June 08, 2009
— Gabriel Malor There was a bunch more activity on this over the weekend, which I neglected to post about. (A good roundup of information is here.) The short version is that the Second Circuit approved the sale. It was to go through after 4pm today...but several petitioners, including the Indiana pension plans, appealed to the Supreme Court for an emergency stay.
Justice Ginsburg is the justice who gets the stay motions from the Second Circuit. Just minutes before the 4pm deadline, she issued a temporary stay.
What happens now? She decides whether to grant the stay until the full Court gets a chance to look at the petition.
Keep in mind that this is only temporary and this is the very last appeal. It would take the votes of five justices to actually stop the deal from going through. I'm not holding my breath that the Court is ready to stand up to the blatant power grab of the Obama Administration.
The hold-up could be as simple as one justice writing to dissent from the denial of stay. On the other hand, it could be the justices wanted more time to examine the issues. We won't know until the Court bestirs itself and that could be any time.
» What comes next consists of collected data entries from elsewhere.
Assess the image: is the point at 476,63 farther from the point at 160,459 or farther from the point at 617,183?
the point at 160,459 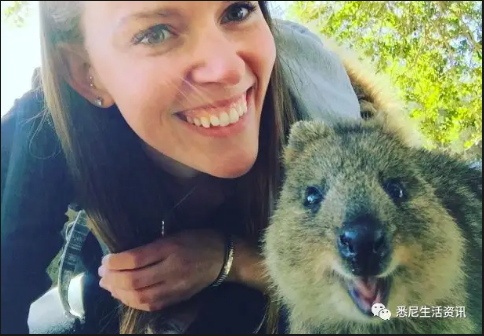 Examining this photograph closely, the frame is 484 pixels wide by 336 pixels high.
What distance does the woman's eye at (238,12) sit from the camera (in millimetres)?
1454

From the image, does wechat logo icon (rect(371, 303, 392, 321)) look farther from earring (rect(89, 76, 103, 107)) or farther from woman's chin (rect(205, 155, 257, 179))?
earring (rect(89, 76, 103, 107))

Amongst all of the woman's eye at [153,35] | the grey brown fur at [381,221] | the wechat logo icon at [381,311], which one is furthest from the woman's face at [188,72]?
the wechat logo icon at [381,311]

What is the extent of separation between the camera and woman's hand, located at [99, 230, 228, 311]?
159cm

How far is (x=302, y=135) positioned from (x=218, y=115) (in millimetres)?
203

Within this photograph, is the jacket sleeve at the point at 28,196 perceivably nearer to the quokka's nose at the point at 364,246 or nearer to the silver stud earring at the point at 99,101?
the silver stud earring at the point at 99,101

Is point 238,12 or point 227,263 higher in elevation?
point 238,12

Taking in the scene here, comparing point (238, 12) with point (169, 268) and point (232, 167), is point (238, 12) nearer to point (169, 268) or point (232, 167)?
point (232, 167)

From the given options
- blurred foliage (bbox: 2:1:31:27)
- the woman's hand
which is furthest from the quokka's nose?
blurred foliage (bbox: 2:1:31:27)

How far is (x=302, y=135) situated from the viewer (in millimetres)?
1553

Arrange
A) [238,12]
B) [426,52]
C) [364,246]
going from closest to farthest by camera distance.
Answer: [364,246] → [238,12] → [426,52]

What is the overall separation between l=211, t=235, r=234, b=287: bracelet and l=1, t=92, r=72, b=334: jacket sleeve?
0.40 meters

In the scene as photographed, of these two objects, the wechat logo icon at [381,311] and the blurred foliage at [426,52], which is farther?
the blurred foliage at [426,52]

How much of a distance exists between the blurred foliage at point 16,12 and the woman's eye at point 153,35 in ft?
0.98

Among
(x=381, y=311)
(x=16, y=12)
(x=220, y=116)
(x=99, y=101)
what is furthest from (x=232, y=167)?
(x=16, y=12) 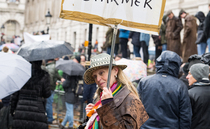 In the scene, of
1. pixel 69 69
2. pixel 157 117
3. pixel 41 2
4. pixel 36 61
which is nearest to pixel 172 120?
pixel 157 117

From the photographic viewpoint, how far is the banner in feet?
8.05

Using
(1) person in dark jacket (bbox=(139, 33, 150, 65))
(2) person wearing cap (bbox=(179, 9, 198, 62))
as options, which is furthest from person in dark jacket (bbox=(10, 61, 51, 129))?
(2) person wearing cap (bbox=(179, 9, 198, 62))

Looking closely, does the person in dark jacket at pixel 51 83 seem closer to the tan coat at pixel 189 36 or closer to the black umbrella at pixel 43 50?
the black umbrella at pixel 43 50

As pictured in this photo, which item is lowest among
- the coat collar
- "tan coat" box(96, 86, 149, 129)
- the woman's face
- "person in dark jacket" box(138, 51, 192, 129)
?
"person in dark jacket" box(138, 51, 192, 129)

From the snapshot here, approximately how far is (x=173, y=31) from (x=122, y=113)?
7901 millimetres

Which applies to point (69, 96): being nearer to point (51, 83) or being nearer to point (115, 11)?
point (51, 83)

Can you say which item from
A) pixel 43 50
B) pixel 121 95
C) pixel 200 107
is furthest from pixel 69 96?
pixel 121 95

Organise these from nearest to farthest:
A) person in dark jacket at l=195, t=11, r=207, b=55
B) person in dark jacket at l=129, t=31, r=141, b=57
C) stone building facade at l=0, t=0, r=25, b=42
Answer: person in dark jacket at l=195, t=11, r=207, b=55 < person in dark jacket at l=129, t=31, r=141, b=57 < stone building facade at l=0, t=0, r=25, b=42

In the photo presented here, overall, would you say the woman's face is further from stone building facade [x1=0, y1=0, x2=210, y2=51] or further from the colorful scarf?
stone building facade [x1=0, y1=0, x2=210, y2=51]

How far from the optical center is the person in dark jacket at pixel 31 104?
486 centimetres

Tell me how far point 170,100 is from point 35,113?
8.11 feet

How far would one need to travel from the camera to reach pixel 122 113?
7.42 ft

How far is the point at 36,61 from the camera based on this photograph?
556 centimetres

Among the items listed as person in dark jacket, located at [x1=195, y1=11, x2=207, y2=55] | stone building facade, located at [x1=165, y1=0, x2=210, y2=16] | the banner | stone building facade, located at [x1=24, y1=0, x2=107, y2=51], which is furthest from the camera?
stone building facade, located at [x1=24, y1=0, x2=107, y2=51] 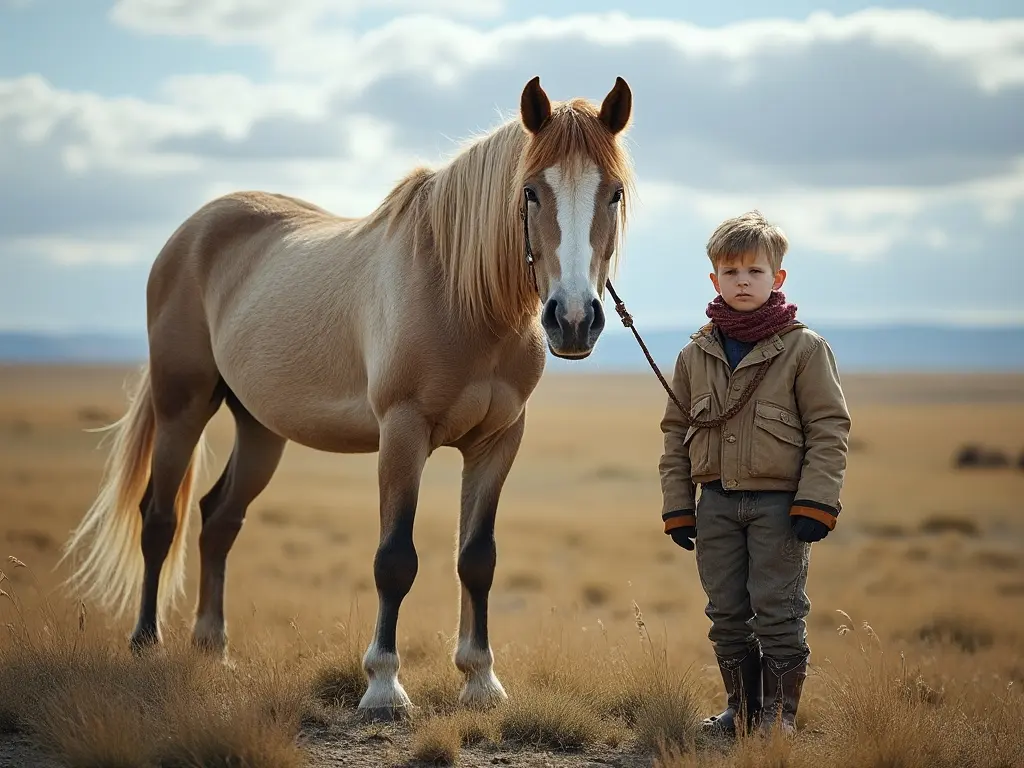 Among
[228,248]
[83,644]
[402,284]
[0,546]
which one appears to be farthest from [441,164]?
[0,546]

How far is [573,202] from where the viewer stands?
166 inches

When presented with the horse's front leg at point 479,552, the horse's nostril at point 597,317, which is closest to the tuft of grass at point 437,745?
the horse's front leg at point 479,552

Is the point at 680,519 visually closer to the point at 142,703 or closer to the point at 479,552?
the point at 479,552

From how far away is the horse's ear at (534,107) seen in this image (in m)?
4.41

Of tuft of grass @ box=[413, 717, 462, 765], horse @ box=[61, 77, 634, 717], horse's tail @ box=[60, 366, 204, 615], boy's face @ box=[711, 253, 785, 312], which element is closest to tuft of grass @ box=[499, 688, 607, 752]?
tuft of grass @ box=[413, 717, 462, 765]

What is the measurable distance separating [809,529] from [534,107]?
210 centimetres

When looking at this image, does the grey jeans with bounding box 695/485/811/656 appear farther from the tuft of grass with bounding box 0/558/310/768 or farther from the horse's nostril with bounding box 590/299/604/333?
the tuft of grass with bounding box 0/558/310/768

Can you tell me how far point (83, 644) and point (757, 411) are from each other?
3.56m

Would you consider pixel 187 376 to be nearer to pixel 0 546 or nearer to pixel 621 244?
pixel 621 244

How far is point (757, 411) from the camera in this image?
4035mm

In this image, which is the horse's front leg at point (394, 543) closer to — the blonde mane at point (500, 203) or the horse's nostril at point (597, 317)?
the blonde mane at point (500, 203)

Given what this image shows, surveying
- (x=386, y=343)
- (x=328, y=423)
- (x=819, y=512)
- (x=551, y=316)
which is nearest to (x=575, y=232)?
(x=551, y=316)

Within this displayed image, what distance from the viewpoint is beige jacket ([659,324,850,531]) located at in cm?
393

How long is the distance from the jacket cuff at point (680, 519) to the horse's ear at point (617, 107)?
1705 mm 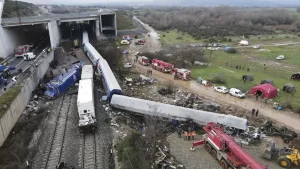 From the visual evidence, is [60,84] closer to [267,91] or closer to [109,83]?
[109,83]

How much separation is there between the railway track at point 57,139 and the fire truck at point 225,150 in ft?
34.8

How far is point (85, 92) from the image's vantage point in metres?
25.7

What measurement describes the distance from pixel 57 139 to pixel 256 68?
34471 millimetres

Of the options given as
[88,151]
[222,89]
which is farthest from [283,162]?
[222,89]

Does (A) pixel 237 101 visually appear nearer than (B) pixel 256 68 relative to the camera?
Yes

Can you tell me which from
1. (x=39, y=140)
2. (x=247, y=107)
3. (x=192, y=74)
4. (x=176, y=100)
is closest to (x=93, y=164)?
(x=39, y=140)

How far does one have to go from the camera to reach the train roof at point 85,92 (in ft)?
77.5

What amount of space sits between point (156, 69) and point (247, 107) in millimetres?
17041

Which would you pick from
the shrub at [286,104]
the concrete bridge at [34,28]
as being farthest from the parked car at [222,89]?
the concrete bridge at [34,28]

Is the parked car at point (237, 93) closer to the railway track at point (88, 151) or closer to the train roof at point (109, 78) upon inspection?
the train roof at point (109, 78)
The only true deadline of interest is June 15. That's when Fiat has the option of backing out.
Thanks to Mike S. for the tip.
From that SCOTUSblog link above, I'll tell you what Ginsburg may find more pursuasive than the Indiana pensions:
A third application to delay the Chrysler sale has been filed at the Supreme Court, on behalf of a woman who is suing Chrysler for damages, claiming that her husband died from lung cancer due to exposure to asbestos while working on auto brakes. Her lawsuit in state court in California will be scuttled if the sale occurs, she argued.
It has the hallmarks of a Ginsburg grant: (1) woman; (2) in distress; (3) man (or The Man) to blame.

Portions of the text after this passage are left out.